Ruling Upholds the Necessity of Licensing Prior to Collection on Purchased Debt
An interesting case has developed in Pennsylvania between a debt buyer and a borrower owing a deficiency balance on a repossessed automobile. The case, Wyche v. Tsarouhis, is one where the borrower doesn’t challenge owing the debt or the accuracy of the debt. He instead claims the debt buyer does not have the legal right to collect this debt because they are not licensed under the Pennsylvania Consumer Credit Code.
District Judge, Mark A. Kearney of the US District Court for the Eastern District of Pennsylvania agreed with the borrower in a May 14 memorandum stating that, “Keystone’s purchase of the debt is an acquisition of an installment sale contract. Keystone is a sales finance company under section 6202 of the Credit Code. Under the Law, Keystone must be licensed at the time of acquiring this obligation or Mr. Wyche’s obligation is unenforceable as a matter of law under section 6236(a)(2).”

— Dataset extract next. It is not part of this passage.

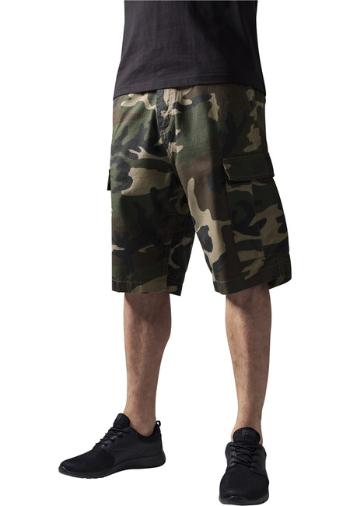 Urban Classics Camouflage Cargo Shorts wood camo - 36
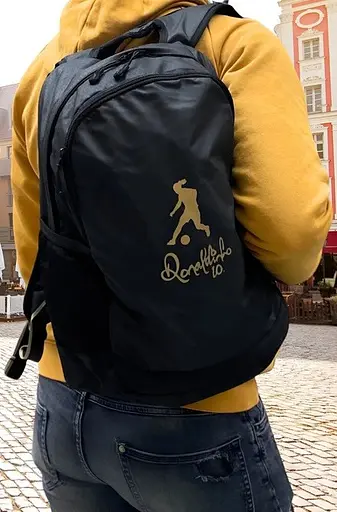 Спортивный рюкзак с дождевиком 20L Ronaldinho 10 44х31х16 см sum0026872 - фото 2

Cornerstone gets asked all the time whether debt buyers need to be licensed as collection agencies. The answer, in most instances, is YES. We are rarely asked whether debt buyers need to be licensed in the same manner as the originating creditor from whom the debt was purchased. Unfortunately, the answer in many instances is also YES, and the consequences of not being licensed in that manner can be even more significant.